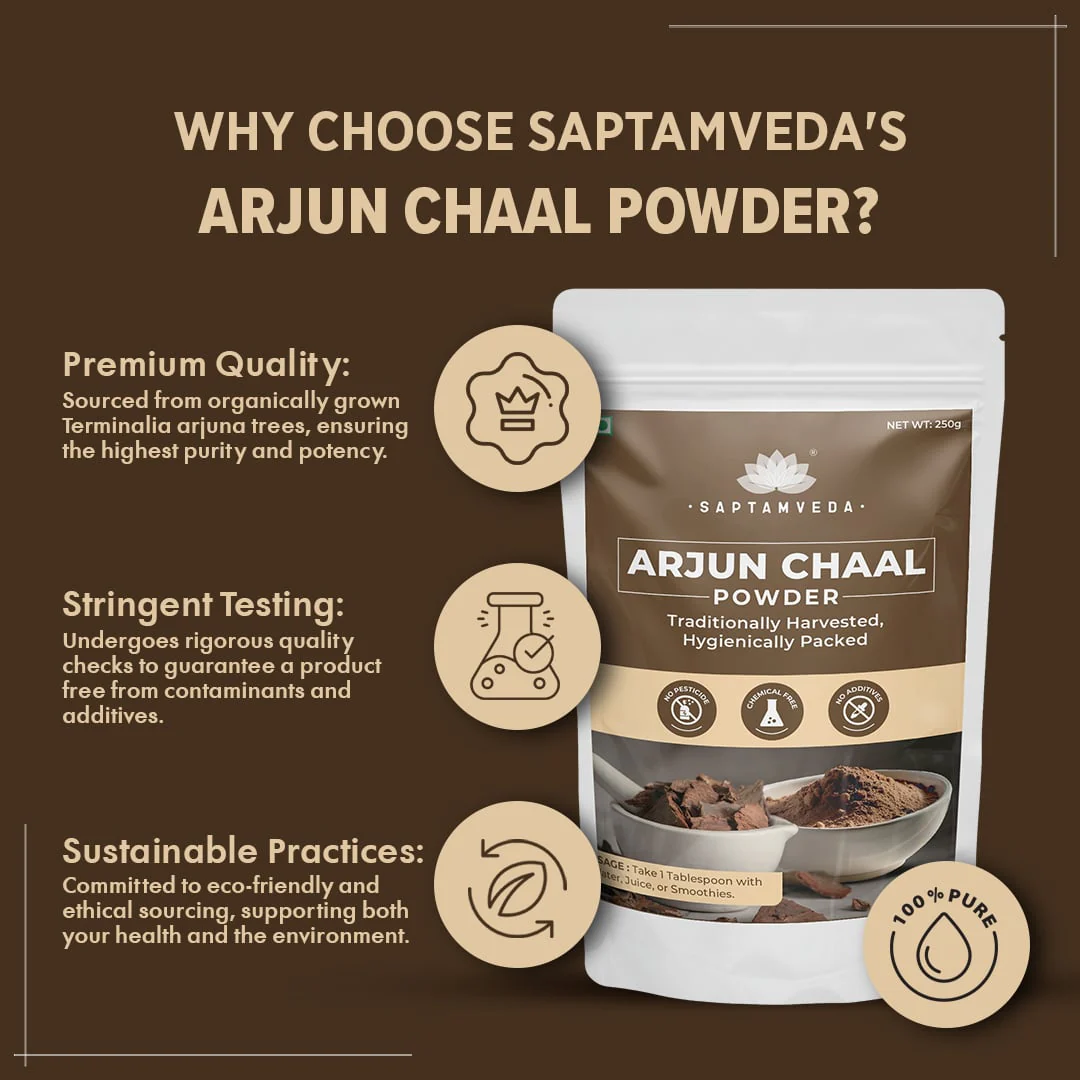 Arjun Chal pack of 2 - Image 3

------------------------

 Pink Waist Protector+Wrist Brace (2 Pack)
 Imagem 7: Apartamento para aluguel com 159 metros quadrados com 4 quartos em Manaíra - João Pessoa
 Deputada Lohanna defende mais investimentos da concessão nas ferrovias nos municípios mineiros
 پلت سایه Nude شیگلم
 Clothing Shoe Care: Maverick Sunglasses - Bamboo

------------------------

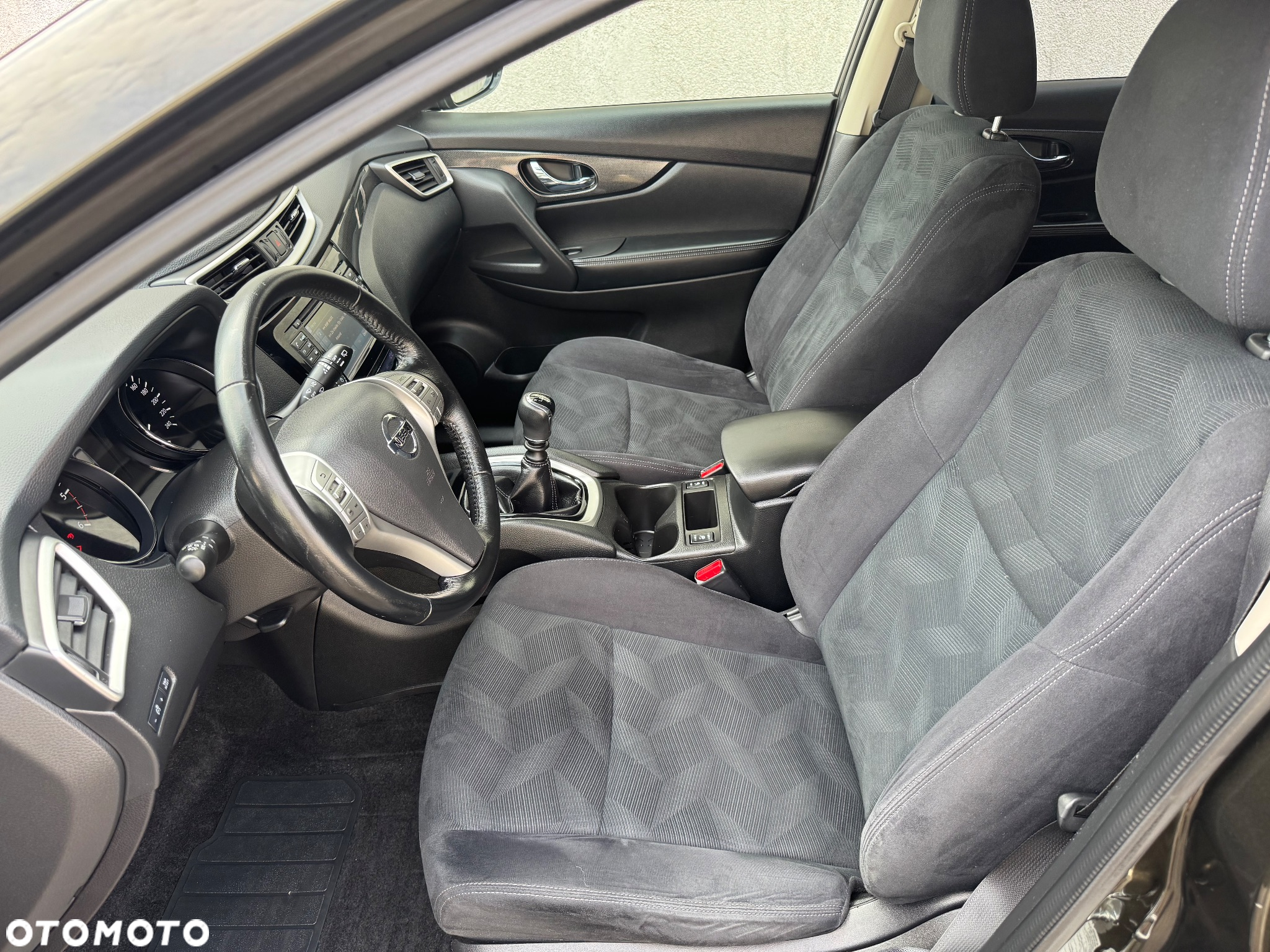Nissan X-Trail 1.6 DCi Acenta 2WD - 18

------------------------

What you will do: Working from the material above, restate word for word the lines between the line with "Deputada Lohanna defende" and the line with "Clothing Shoe Care: Maverick", both included, and only those.

Answer box:
 Deputada Lohanna defende mais investimentos da concessão nas ferrovias nos municípios mineiros
 پلت سایه Nude شیگلم
 Clothing Shoe Care: Maverick Sunglasses - Bamboo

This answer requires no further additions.